• [GIVEN DATA]:
++++++++++++++++++++

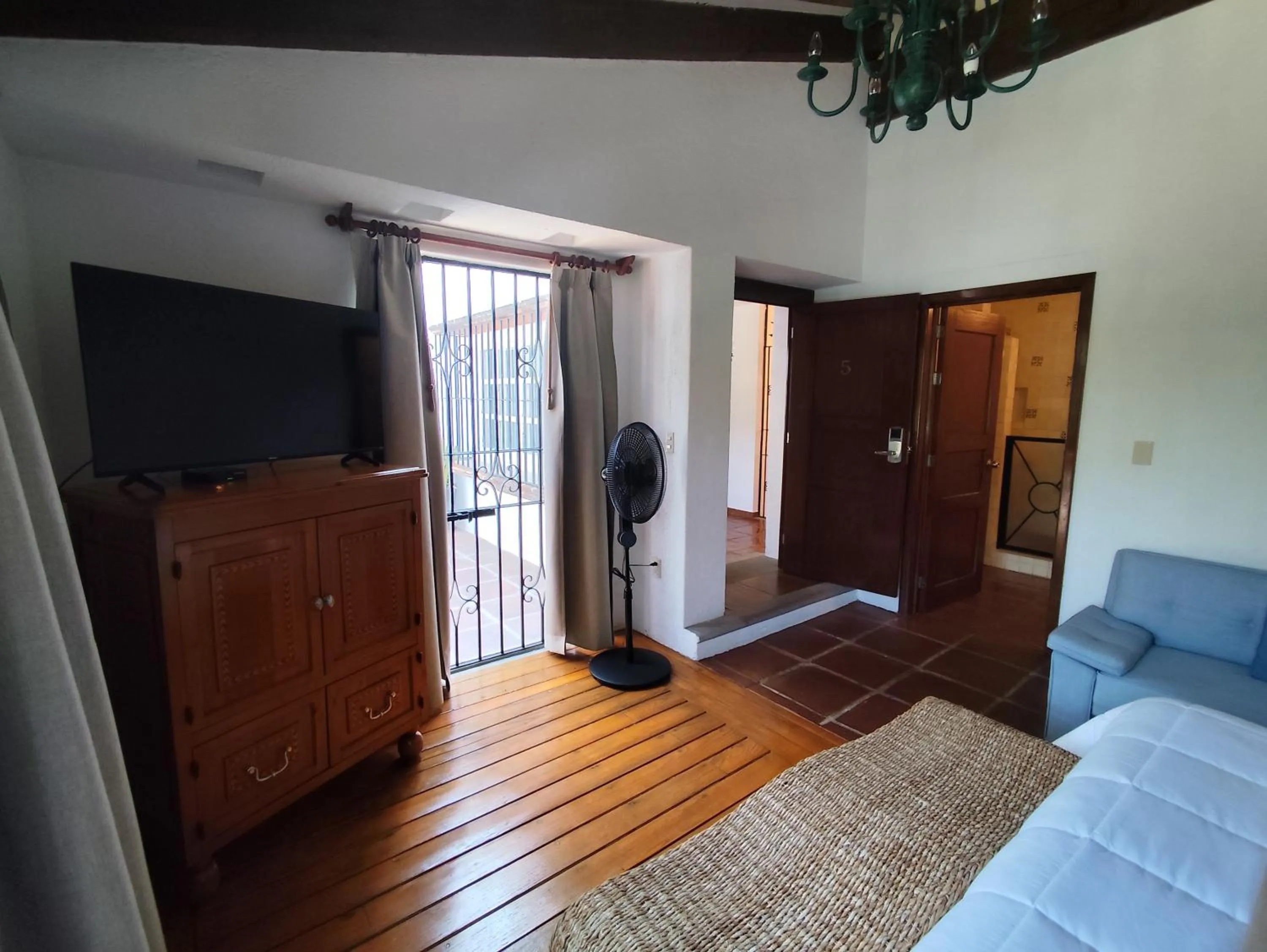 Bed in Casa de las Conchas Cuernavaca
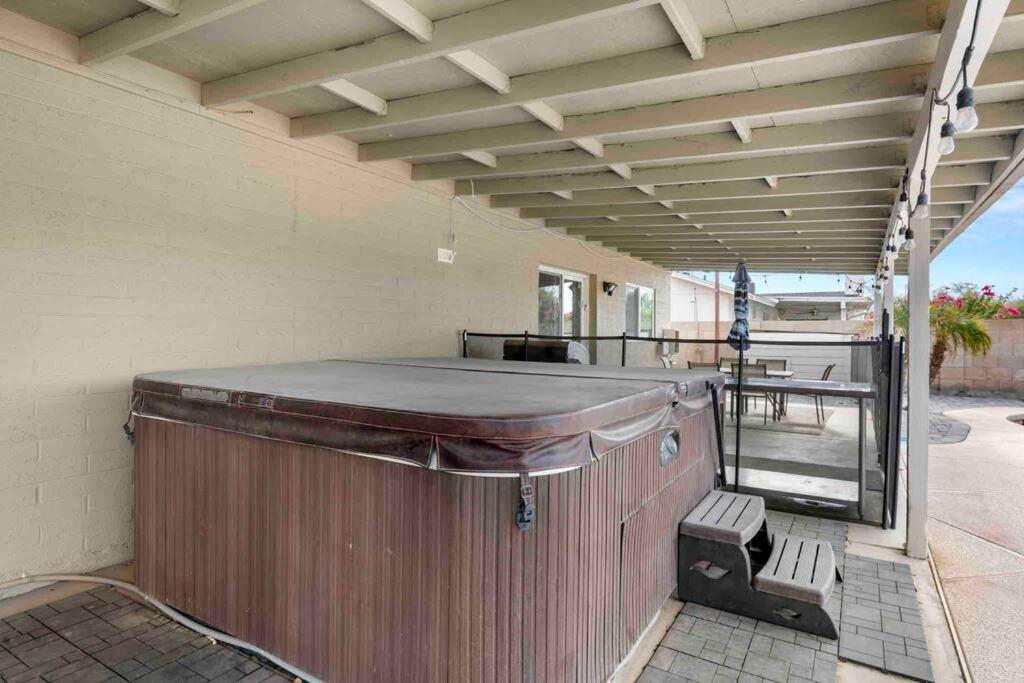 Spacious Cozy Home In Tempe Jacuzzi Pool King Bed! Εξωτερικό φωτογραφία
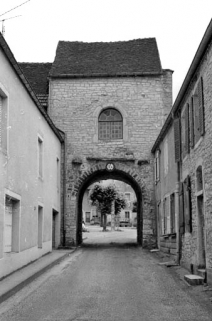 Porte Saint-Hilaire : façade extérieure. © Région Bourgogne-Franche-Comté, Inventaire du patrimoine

++++++++++++++++++++

• [PROMPT]: Return every line above verbatim, pictures excluded.

• [SOLUTION TO THIS TASK]:
 Bed in Casa de las Conchas Cuernavaca
 Spacious Cozy Home In Tempe Jacuzzi Pool King Bed! Εξωτερικό φωτογραφία
 Porte Saint-Hilaire : façade extérieure. © Région Bourgogne-Franche-Comté, Inventaire du patrimoine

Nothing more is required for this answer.